The underlying file system delivers higher performance with larger, contiguous request sizes. Consolidating I/O traffic down to a subset of 'I/O aggregators' also reduces the number of processes simultaneously writing to the file system.
Further, the MPI-IO library will align writes to file system block boundaries, reducing lock contention 23 . These factors all contribute towards collective I/O taking one tenth the time of the independent I/O case at 8192 MPI processes.
At larger process counts, the discussion for this workload is not about improving I/O rates but rather allowing I/O to complete in anything resembling an acceptable amount of time. These observations are consistent with a recent study on Jaguar at Oak Ridge National Laboratory (a Cray XT4 (at the time of the paper) with a Lustre parallel file system) which also investigated collective I/O optimizations with FLASH using the HDF5 library 24 .
Here, the authors found that a FLASH application run on 8192 cores produced a checkpoint file 2. 6 times faster when the collective I/O was combined with striping the file across all 144 I/O servers (Object Storage Targets (OSTs)). Similar studies also show performance improvement from using collective I/O with FLASH applications on NCAR Bluesky and uP 25 and ASCI White Frost 20 .
To generalize this scenario somewhat, as applications ran on petascale systems they frequently encountered difficulty in achieving performance through collective I/O. Not unreasonably, these groups took the pragmatic approach of abandoning collective I/O and adopting alternate approaches (Carns et al 26 show the prevalence of file-per-process on a production machine; Bent et al 27 describe how to implement file-per-process while presenting a single shared file to the application).
However, the involvement of the I/O community frequently results in improvements benefiting all applications 28 . Beyond improvements specific to FLASH, we hope from this and other recent works that applications re-consider the benefits of collective I/O and high-level I/O libraries.
Even with the large performance gains collective I/O provides for standard FLASH, other storage performance studies 18 suggest that the standard FLASH I/O approaches achieve only half of the theoretical peak. We hypothesize that we can attribute some portion of this missing performance to the fact that we make one high-level I/O call per variable, and that if we could perform all I/O in a single write we would get back some of the missing performance.
The next two sections document the tricks we applied to further improve I/O performance, and the trade-offs those approaches offer us. Changing the FLASH file layoutWhen determining the file layout a scientific application will use, a developer will consider several factors.
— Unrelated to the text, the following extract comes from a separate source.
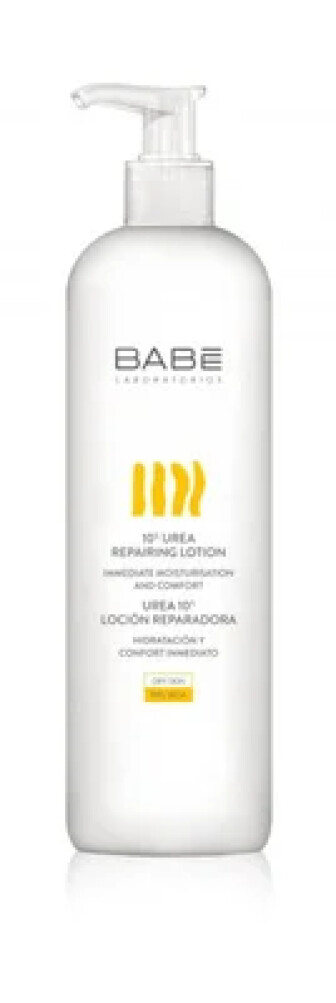 Babe Відновлюючий лосьйон для сухої та чутливої шкіри з 10% Urea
The high-level I/O libraries that FLASH uses offer an API tailored for single-variable access.
For example, the parameters to HDF5's H5DWrite function describe a memory region and a file region associated with a single HDF5 variable or dataset. The Parallel-NetCDF ncmpi put vara double all function likewise writes (subarray) data into a specific variable.
Separating application data into individual variables on disk offers a straightforward implementation. Furthermore, other tools in the scientific workflow, such as those for visualization or analysis, might find a file layout where each application variable is stored as a separate object easier to manage, and potentially more self-descriptive.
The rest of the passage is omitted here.